Data to examine:
..........

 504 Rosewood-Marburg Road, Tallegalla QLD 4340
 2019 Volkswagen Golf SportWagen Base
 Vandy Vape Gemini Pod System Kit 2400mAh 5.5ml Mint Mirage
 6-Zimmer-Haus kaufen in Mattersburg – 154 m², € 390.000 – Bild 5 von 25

..........

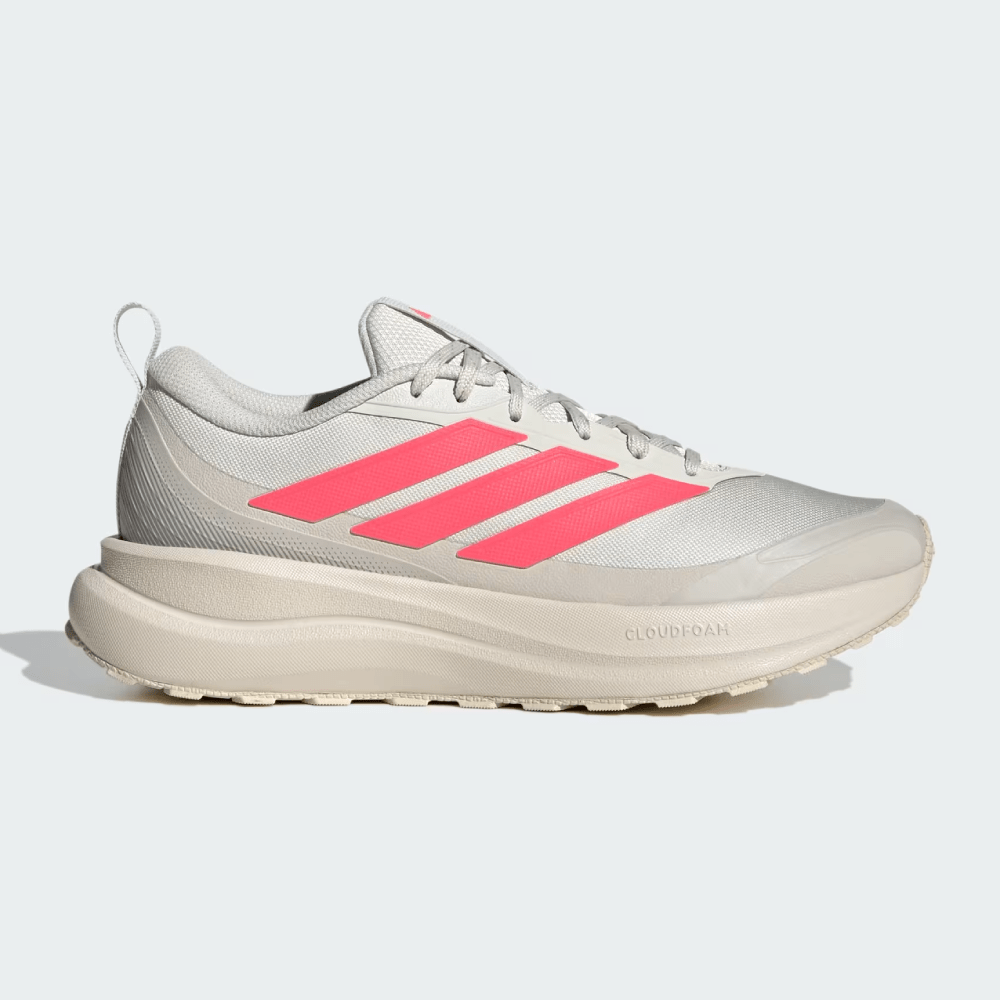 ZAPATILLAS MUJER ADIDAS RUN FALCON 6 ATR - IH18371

..........

Task prompt:
From the material above, copy exactly the lines between the line holding "504 Rosewood-Marburg Road, Tallegalla" and the line holding "6-Zimmer-Haus kaufen in", inclusive, and only those.

Output of the task:
 504 Rosewood-Marburg Road, Tallegalla QLD 4340
 2019 Volkswagen Golf SportWagen Base
 Vandy Vape Gemini Pod System Kit 2400mAh 5.5ml Mint Mirage
 6-Zimmer-Haus kaufen in Mattersburg – 154 m², € 390.000 – Bild 5 von 25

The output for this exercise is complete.